I don't know if this makes any difference but I believe those wires are connected to the heating coil.


----------



## Done_Fishin (Oct 10, 2006)

*Re: Hot-tub not getting any power. Short Circuit?*

that device they are connected to reminds me of a switch .. and the can below of a pressure container .. seen something similar on compressors .. either way though reversal shouldn't make any difference .. heaters are ac and it doesn't make much difference (normally) which way round they are wired.

If it's a heater it will have a resistance and if it's a switch it will either be a short or open .. with no power applied you could check that.


----------



## oscer1 (Jan 27, 2010)

*Re: Hot-tub not getting any power. Short Circuit?*

the wires are hooked up to a switch, its a pressure switch or flow switch if you take the wires off and use a ohm meter it should be open when there is no water pressure it will close when you have enough water flow this is a safety for the pump. pump would burn out if you tried running it with out water. thats what that switch looks like to me. so the wires do not make a difference which side they are on. do you know what brand and model the hot tub is maybe some one can find a electrical schematic to help trouble shoot it.


----------



## 849887 (Jul 26, 2011)

*Re: Hot-tub not getting any power. Short Circuit?*

thank you for the suggestions everyone. 
I found out today that the solution was way simpler than I had thought. 

The hot tub was not turning on because of the order of the breakers I was turning it on at. 

What I was doing was turning on the breaker on the side of the house first, then the breaker inside the hot tub... and doing that it wouldn't power up no matter what... 

then today I tried turning the breaker inside the hot tub first then turn on the one on the outside of my house... and she fired up... so the problem has been solved. 

Thanks again!


----------



## Done_Fishin (Oct 10, 2006)

*Re: Hot-tub not getting any power. Short Circuit?*

How strange, shouldn't have made any difference !! but I'm glad you got it sorted .. I'll mark this as solved ..


----------



## SABL (Jul 4, 2008)

The wires that were reversed look to be a low voltage relay.
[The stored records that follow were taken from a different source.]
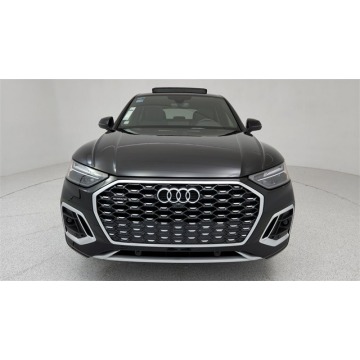Audi Q5  SUV 2023,  2.0 benzyna, automat - Na sprzedaż za 198 030 zł - Katowice - zdjęcie 3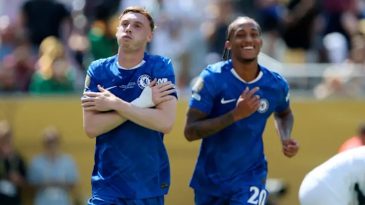 Chelsea tarih yazdı: PSG’yi 3 golle geçip kupayı kaldırdı!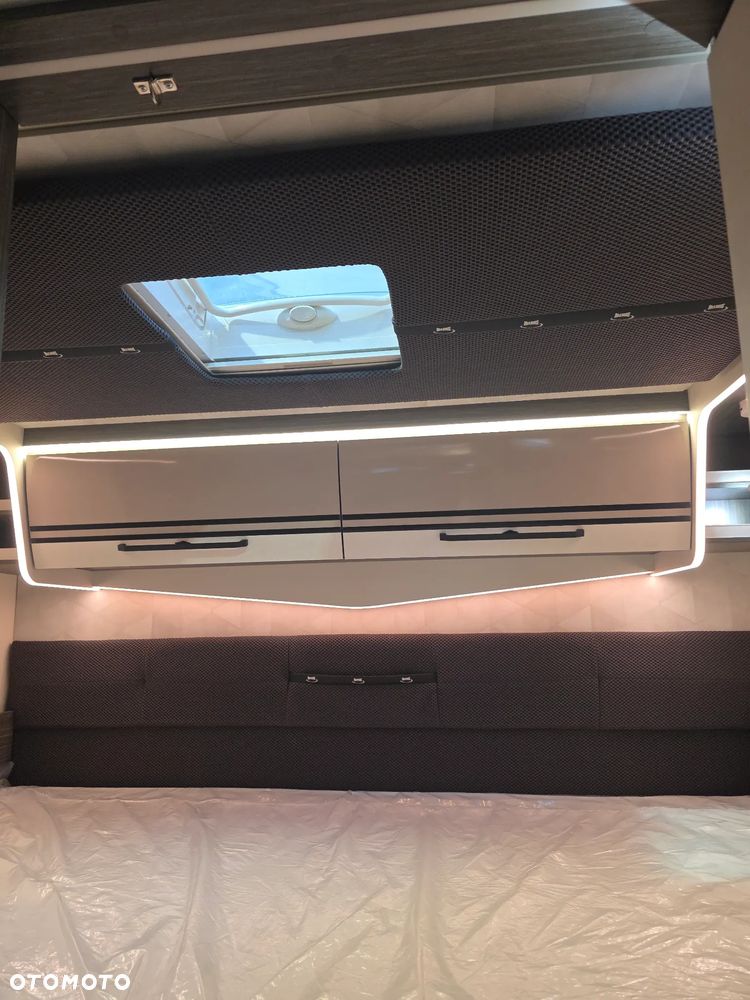 McLOUIS MC4 860 - MODEL 2026 -AUTOMAT ZIMOWY  5 osobowy, 6.99m  PoŁintegra 2x łóżko Elektryczne - 37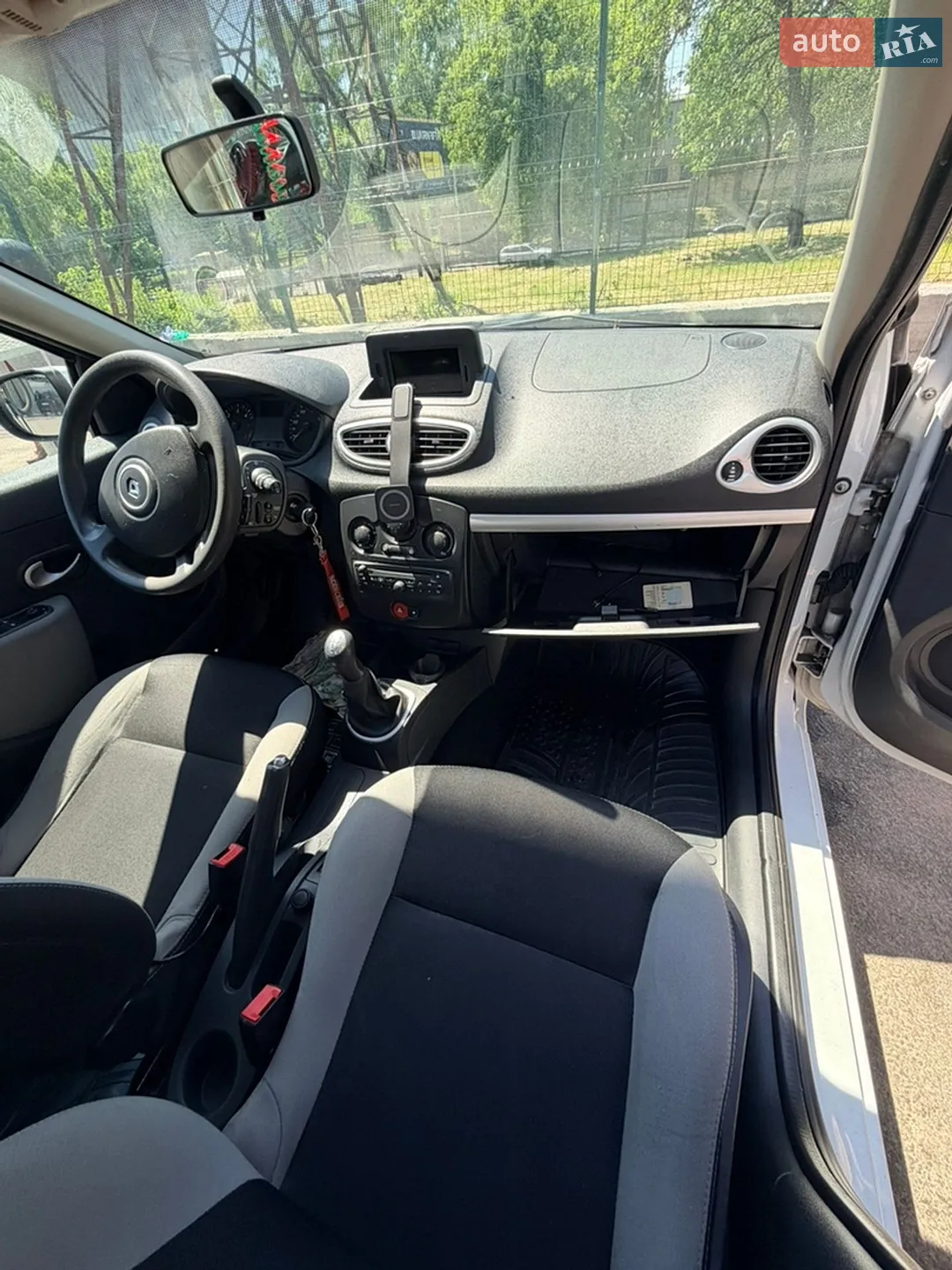 2012 Renault Clio - мініатюра 11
Are you sure the problem is solved?? Why would the hot tub not work when the breaker on the side of the house was turned on first?? Should make no difference at all.....once the breaker is set you will have power *unless* the breaker has tripped and opened the circuit. If the breaker trips when the other breaker is not set you have a problem and should stay away from the hot tub until a qualified electrician inspects it.


----------